Added
- Added `hvd.reducescatter()` operation with implementations in NCCL, MPI, and Gloo. ([3299](https://github.com/horovod/horovod/pull/3299), [#3574](https://github.com/horovod/horovod/pull/3574))
- Added AMD GPU XLA Op Implementation. ([3486](https://github.com/horovod/horovod/pull/3486))
- Added Horovod job to spin up distributed TensorFlow Data Service. ([3525](https://github.com/horovod/horovod/pull/3525))
- Spark: Expose random seed as an optional parameter. ([3517](https://github.com/horovod/horovod/pull/3517))

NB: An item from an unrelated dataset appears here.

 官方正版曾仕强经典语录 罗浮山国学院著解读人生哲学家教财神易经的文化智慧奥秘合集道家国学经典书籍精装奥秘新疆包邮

- Add Helm Chart. ([3546](https://github.com/horovod/horovod/pull/3546))
- Elastic: Add elastic run API. ([3503](https://github.com/horovod/horovod/pull/3503))
- Spark Estimator: Expose random seed for model training reproducibility. ([3517](https://github.com/horovod/horovod/pull/3517))
- Spark Estimator: Add option whether to use GPUs at all. ([3526](https://github.com/horovod/horovod/pull/3526))
- Spark Estimator: Expose parameter to set start method for `multiprocessing`. ([3580](https://github.com/horovod/horovod/pull/3580))
Changed
- MXNet: Updated allreduce functions to newer `op` API. ([3299](https://github.com/horovod/horovod/pull/3299))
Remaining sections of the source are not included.